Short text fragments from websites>
○ ○ ○

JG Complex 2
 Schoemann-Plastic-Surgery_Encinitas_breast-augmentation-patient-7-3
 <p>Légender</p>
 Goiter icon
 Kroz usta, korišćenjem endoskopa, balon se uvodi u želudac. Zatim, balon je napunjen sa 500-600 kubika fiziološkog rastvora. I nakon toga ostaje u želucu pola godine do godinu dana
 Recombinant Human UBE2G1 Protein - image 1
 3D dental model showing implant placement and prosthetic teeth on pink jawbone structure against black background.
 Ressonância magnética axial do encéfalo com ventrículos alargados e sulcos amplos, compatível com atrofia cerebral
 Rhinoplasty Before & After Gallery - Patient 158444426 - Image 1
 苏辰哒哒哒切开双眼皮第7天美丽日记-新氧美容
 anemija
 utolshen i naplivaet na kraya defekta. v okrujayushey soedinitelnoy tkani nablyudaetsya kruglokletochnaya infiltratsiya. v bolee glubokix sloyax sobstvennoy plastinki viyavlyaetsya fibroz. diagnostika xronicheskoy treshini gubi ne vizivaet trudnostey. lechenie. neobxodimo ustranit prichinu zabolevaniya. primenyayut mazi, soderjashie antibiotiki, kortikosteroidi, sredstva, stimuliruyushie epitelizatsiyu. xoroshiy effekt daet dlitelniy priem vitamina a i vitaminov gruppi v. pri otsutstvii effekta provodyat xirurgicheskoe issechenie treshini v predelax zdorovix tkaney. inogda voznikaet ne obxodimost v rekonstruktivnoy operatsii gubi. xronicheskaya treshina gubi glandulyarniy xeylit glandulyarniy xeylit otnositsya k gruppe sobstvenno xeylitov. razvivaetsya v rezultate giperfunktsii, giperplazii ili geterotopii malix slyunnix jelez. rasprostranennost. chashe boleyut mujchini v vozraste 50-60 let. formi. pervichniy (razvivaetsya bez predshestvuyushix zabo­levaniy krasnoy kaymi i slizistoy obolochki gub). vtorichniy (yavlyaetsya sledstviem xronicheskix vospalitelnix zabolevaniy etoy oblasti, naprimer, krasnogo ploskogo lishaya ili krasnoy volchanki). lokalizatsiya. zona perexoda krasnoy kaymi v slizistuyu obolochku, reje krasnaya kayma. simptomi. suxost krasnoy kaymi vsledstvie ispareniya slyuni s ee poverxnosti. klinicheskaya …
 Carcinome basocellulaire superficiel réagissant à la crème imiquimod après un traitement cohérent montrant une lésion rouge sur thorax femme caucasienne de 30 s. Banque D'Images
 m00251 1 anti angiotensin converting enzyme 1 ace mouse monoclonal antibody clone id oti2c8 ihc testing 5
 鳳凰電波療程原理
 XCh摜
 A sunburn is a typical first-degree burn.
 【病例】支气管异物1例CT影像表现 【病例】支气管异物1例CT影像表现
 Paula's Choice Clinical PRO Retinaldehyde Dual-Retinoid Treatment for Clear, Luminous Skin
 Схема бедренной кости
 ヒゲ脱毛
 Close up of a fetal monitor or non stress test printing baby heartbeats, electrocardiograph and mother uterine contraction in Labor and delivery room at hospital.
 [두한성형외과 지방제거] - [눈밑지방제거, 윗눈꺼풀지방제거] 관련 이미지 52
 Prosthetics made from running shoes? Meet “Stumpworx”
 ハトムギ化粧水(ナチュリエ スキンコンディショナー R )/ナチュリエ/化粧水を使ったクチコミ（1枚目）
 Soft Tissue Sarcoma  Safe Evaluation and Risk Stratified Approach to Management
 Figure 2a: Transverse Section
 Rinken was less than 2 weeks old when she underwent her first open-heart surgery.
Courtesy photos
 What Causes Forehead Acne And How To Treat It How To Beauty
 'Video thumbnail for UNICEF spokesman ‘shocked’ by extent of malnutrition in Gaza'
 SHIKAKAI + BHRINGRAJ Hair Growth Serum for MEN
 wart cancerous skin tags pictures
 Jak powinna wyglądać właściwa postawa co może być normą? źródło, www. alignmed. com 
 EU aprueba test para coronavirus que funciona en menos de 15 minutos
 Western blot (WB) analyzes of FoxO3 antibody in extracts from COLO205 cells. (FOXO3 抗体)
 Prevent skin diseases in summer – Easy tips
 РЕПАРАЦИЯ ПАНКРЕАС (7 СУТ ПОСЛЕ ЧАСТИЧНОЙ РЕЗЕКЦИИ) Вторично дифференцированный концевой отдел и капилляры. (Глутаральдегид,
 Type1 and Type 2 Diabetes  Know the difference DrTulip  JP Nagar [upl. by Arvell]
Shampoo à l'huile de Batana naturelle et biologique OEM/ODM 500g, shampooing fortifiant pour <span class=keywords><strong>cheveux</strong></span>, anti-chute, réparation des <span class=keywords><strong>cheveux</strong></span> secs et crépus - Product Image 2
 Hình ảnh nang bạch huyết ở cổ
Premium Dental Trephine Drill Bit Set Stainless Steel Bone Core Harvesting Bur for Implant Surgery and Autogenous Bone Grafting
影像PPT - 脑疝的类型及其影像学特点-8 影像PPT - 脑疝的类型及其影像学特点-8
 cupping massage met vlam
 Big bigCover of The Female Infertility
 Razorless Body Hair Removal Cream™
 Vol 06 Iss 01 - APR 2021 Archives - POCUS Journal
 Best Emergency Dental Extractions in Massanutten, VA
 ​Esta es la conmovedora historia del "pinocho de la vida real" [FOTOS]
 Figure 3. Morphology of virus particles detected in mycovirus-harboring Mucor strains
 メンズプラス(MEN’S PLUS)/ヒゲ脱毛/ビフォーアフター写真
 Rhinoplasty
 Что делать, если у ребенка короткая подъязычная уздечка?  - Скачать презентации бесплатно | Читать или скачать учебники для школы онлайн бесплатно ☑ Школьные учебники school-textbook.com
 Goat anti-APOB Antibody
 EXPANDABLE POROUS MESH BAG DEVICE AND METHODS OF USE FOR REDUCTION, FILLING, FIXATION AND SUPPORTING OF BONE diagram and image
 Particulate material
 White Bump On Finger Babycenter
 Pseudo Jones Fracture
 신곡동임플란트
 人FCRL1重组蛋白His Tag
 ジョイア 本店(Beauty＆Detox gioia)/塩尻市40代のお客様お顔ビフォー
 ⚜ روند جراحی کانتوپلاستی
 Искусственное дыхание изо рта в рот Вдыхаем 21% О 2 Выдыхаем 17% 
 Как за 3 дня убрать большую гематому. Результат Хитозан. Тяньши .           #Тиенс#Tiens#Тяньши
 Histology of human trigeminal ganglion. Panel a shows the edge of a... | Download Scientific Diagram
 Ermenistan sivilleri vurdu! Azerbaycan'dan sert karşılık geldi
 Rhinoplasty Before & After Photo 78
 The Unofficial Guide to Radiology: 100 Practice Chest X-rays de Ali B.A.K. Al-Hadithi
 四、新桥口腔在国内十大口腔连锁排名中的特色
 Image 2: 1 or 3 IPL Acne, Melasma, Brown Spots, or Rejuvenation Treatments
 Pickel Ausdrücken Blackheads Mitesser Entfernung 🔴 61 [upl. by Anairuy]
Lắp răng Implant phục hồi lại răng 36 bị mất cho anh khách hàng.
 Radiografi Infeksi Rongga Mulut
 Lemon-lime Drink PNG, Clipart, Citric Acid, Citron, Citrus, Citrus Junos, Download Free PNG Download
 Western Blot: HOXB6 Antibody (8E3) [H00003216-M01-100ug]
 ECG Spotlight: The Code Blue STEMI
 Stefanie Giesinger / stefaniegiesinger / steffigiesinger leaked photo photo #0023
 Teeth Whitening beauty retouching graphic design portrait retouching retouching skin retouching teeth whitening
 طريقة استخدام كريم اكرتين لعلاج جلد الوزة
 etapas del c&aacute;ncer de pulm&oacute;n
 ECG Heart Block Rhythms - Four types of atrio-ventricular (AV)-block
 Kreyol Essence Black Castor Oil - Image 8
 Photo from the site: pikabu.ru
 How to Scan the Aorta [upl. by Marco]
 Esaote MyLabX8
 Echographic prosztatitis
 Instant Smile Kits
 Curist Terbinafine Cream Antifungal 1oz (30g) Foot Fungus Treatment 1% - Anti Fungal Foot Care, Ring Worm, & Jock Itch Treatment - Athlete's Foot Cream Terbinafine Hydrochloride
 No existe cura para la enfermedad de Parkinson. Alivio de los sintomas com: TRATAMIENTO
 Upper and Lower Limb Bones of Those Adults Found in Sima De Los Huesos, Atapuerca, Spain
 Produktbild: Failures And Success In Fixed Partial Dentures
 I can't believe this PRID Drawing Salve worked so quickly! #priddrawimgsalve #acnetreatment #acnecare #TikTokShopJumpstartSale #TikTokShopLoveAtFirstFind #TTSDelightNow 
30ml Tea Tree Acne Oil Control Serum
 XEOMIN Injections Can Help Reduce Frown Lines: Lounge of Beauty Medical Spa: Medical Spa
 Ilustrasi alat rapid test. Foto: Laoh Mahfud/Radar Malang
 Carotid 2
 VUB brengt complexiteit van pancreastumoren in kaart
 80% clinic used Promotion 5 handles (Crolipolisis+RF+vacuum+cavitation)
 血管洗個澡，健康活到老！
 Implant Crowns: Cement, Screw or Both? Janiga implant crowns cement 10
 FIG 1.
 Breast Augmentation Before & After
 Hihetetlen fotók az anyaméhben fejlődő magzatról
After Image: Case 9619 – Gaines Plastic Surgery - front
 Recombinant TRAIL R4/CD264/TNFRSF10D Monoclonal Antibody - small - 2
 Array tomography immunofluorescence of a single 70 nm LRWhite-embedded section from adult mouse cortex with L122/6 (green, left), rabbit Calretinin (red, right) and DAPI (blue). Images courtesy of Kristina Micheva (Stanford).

○ ○ ○

AIM OF THE TASK> Copy every line where the word "Before" is present in the entries above.

WRITTEN ANSWER>
 Rhinoplasty Before & After Gallery - Patient 158444426 - Image 1
 Rhinoplasty Before & After Photo 78
 Breast Augmentation Before & After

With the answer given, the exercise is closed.